Gov. Spencer Cox and leaders of his Utah Republican Party claim to honor the Constitution, but they collectively seem unacquainted with the idea of power being balanced or separated. Not a surprise, given that they hold a supermajority in the Legislature and a monopoly on all statewide and federal offices in Utah.

They have shown particular contempt for the letter and the spirit of the Utah Constitution by appointing a member of the Utah House to a post in the governor’s cabinet and having him hang onto his legislative seat, if just long enough to help fix the election of his House successor.

And, although it doesn’t violate any constitutional provisions, Cox was also wrong to hire a member of the Salt Lake County Council to fill a new post in his cabinet without expecting her to give up her council seat.

In June, Cox named state Rep. Joel Ferry, a Republican from Box Elder County, to be director of the state Department of Natural Resources. Ferry started the job in an acting status, pending Senate approval of the nomination, likely to come later this month.

But Ferry did not resign his seat in the House until Aug. 26. He also remains a candidate for the District 1 House seat in the November election.

Cox says Ferry’s double dip was not unconstitutional because, once on the job at DNR, Ferry stopped collecting his legislative pay and stepped aside from any committee assignments or other roles that would involve his own department.
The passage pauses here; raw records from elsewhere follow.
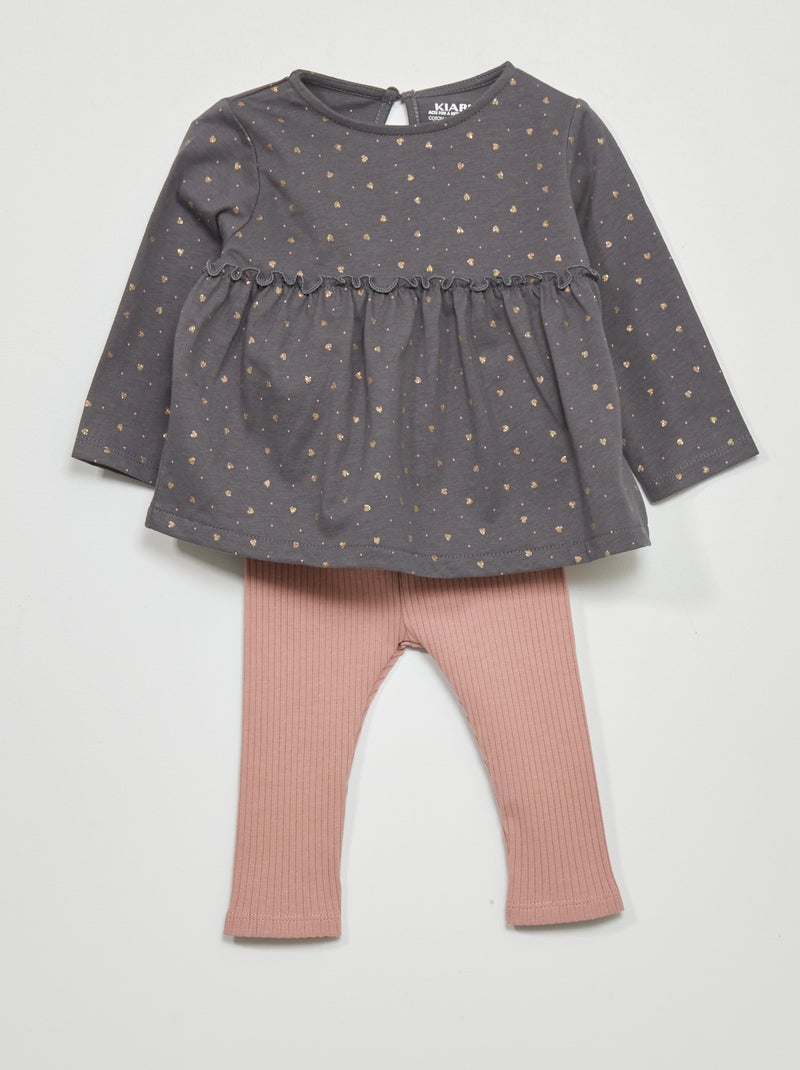 T-shirt + legging - 2-delig GRIJS - Kiabi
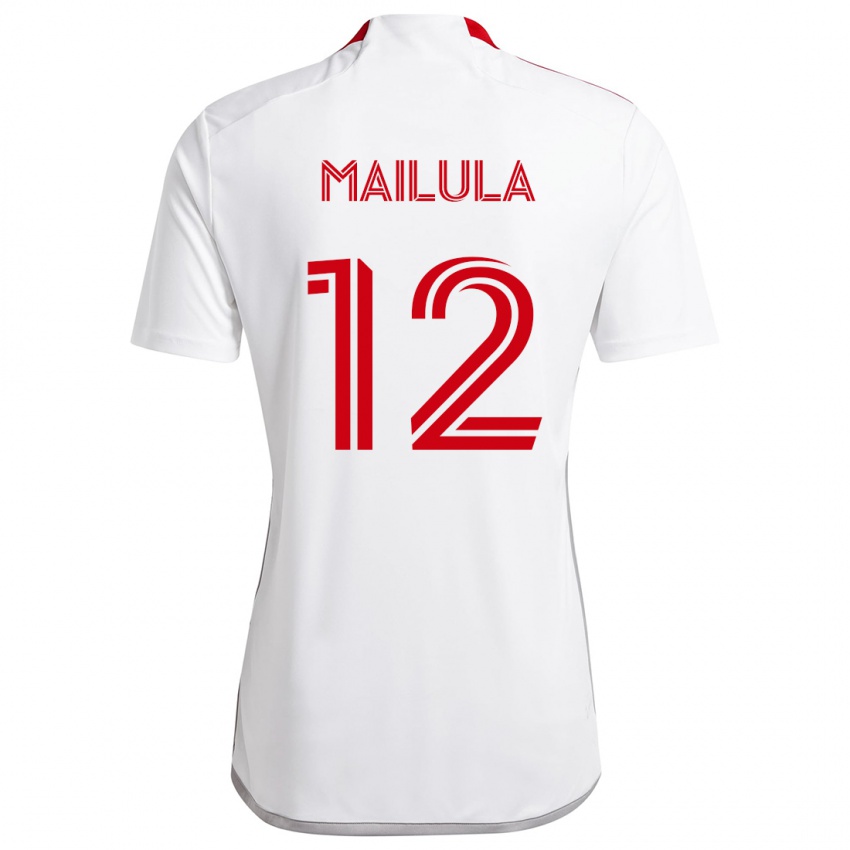 Niño Camiseta Cassius Mailula #12 Blanco Rojo 2ª Equipación 2024/25 La Camisa Chile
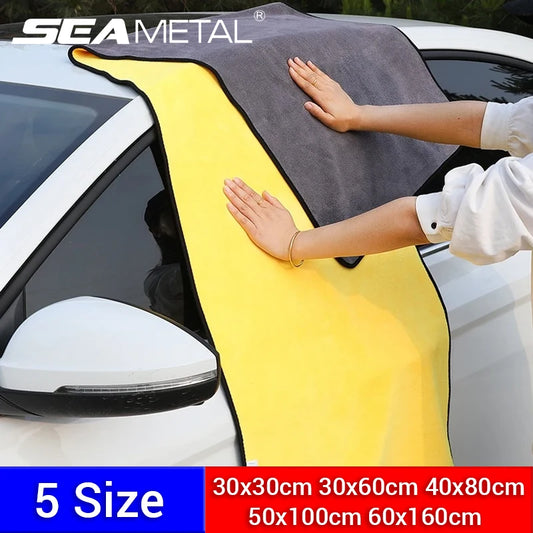 SEAMETAL Microfiber Car Cleaning Towel 600GSM Wash Towels Car Double-Sided Soft Cloth Auto Detailing Care Washing Drying Rags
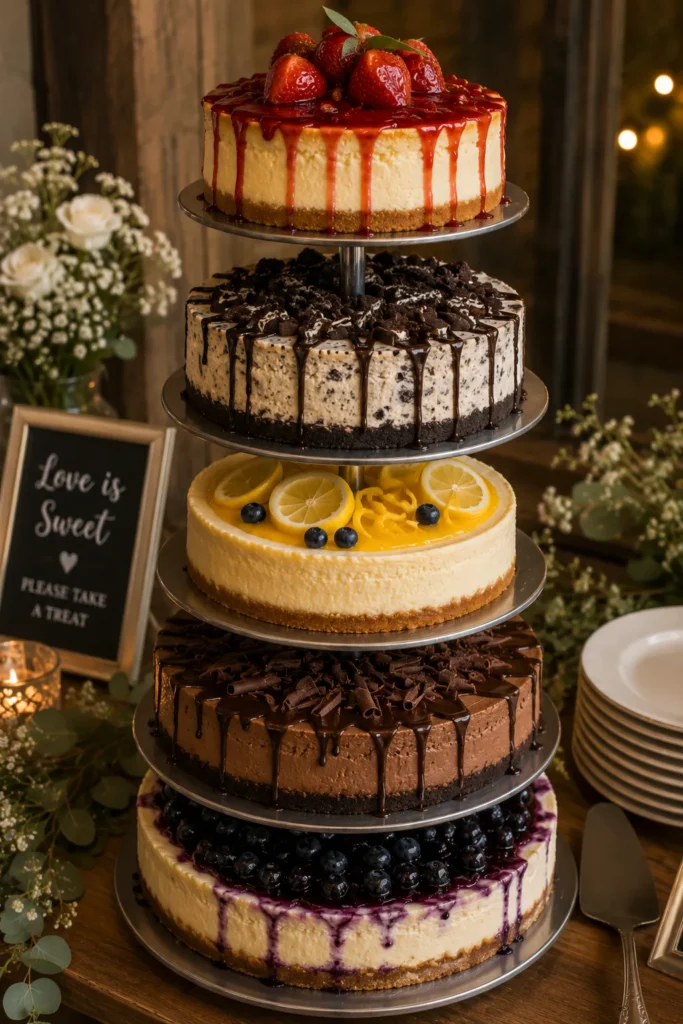 A tall stacked display of full cheesecakes in different flavors, each layer garnished with fruit compote or chocolate drizzle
But that’s not what the Constitution says. It says you can’t be a lawmaker and an executive branch official at the same time. No exemptions are given for waiving a lawmaker’s pay (which is too small to count) or abstaining from certain votes.

A lawmaker who is also an employee of the governor, even for a short time, is not an independent voice for his legislative constituents. Abstaining from certain votes disempowers his or her constituents, even as a continued presence in the House gives that member influence in two of the three legs of state power, able to lobby colleagues, trade votes or do other things that clearly violate the whole idea of the separation of powers.

With Ferry now out of the House, Cox might argue no harm/no foul. If it weren’t for a clear scheme to hijack the process of choosing Ferry’s replacement.

If, as is likely in such a bright red district, Ferry’s ghost is reelected in November, and he resigns from the Legislature again, his seat will be filled, not by an election open to all of the district’s voters, but by a handful of Republican state delegates. It is such a narrow pool of voters that it goes beyond simple partisanship to a small clique of good ol’ boys controlling the process.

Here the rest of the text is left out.